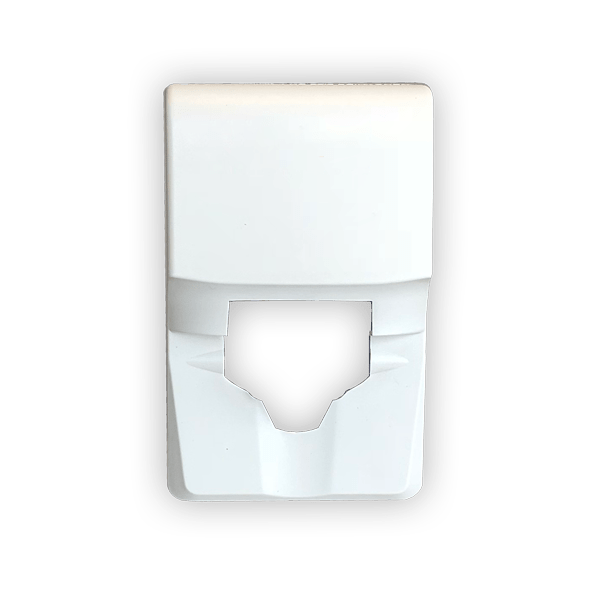 Kidde EG1VWN - CVR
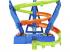 Hot wheels dizzy cyclone Spielset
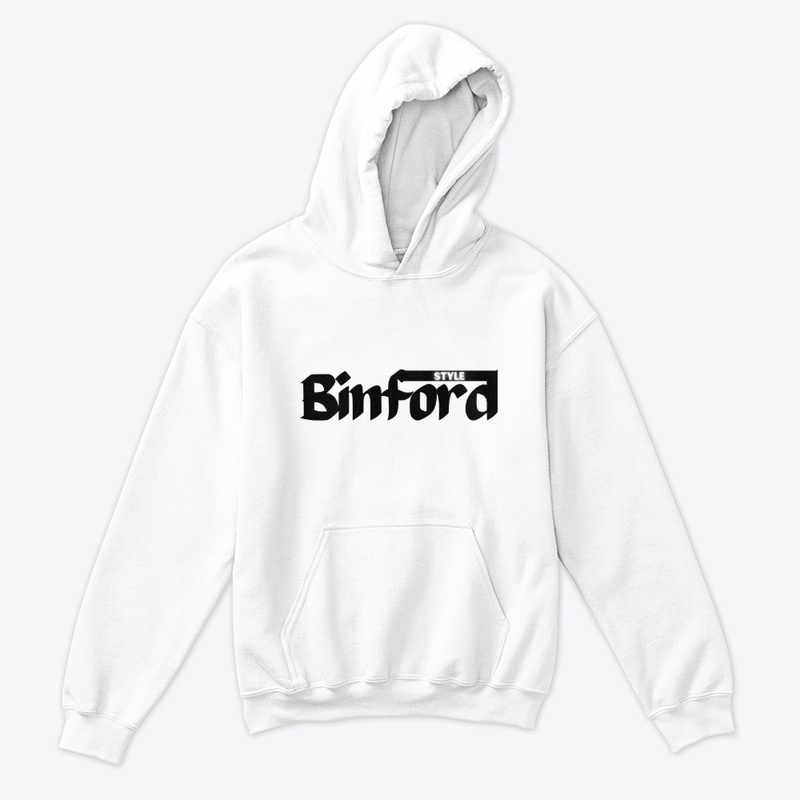New classical 🏛️ shirt 🎽 design 's 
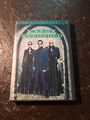 Matrix Reloaded: 2 Disc Edition DVD von The Wachowski Brothers mit Keanu Reeves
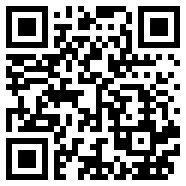 黄图app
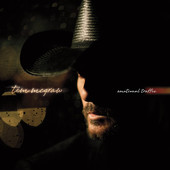 Emotional Traffic - Tim McGraw - Better Than I Used To Be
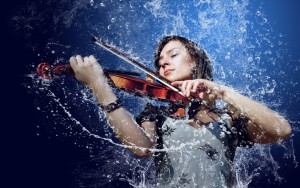 violinista-1024x640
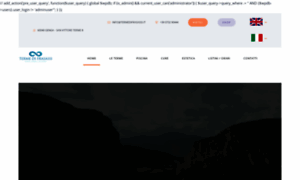 Termedifrasassi.it thumbnail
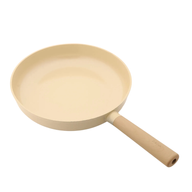 طاسة ألما سيراميك – بيج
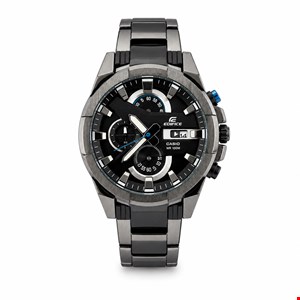 ساعت مچی Casio Edifice - ادیفایس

^^^^^^^^^^^^^^^^

Instructions to follow — Where pictures appear, omit them, and transcribe exactly, with nothing else, the lines from the line with "Emotional Traffic - Tim" through the final line of the records above, both ends included.

Written response —
 Emotional Traffic - Tim McGraw - Better Than I Used To Be
 violinista-1024x640
 Termedifrasassi.it thumbnail
 طاسة ألما سيراميك – بيج
 ساعت مچی Casio Edifice - ادیفایس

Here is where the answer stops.